## TASK REQUIREMENTS
In the entries that follow, find the line containing "Трепонемы штамма Рейтер"; from there, copy every line exactly through the line containing "Bs Lê Lý Trọng".

## EXTRACTED RECORDS

----

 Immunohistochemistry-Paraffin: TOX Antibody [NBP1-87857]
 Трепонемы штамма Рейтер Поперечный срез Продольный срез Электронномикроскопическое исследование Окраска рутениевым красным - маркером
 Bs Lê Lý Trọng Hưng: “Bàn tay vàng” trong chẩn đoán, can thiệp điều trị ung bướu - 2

----

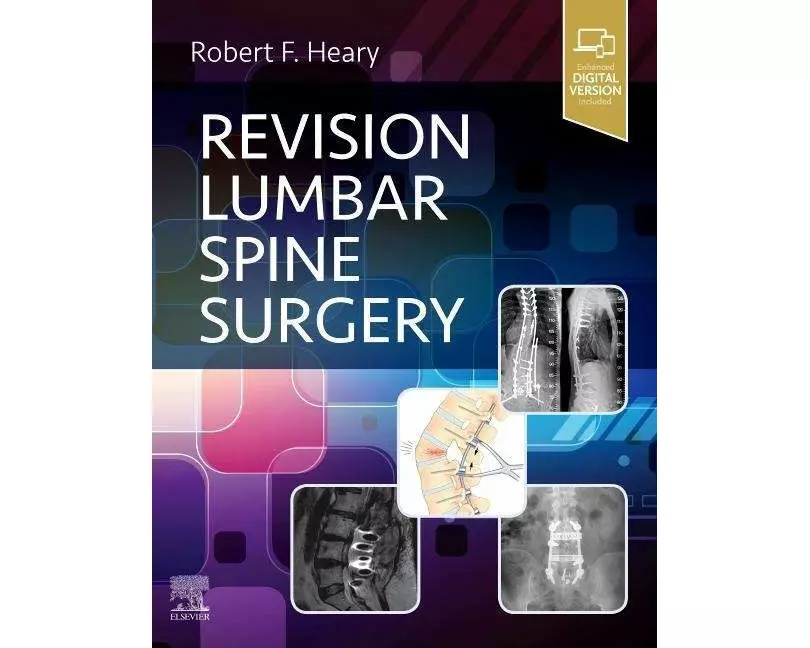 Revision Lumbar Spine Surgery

----

## OUTPUT
 Трепонемы штамма Рейтер Поперечный срез Продольный срез Электронномикроскопическое исследование Окраска рутениевым красным - маркером
 Bs Lê Lý Trọng Hưng: “Bàn tay vàng” trong chẩn đoán, can thiệp điều trị ung bướu - 2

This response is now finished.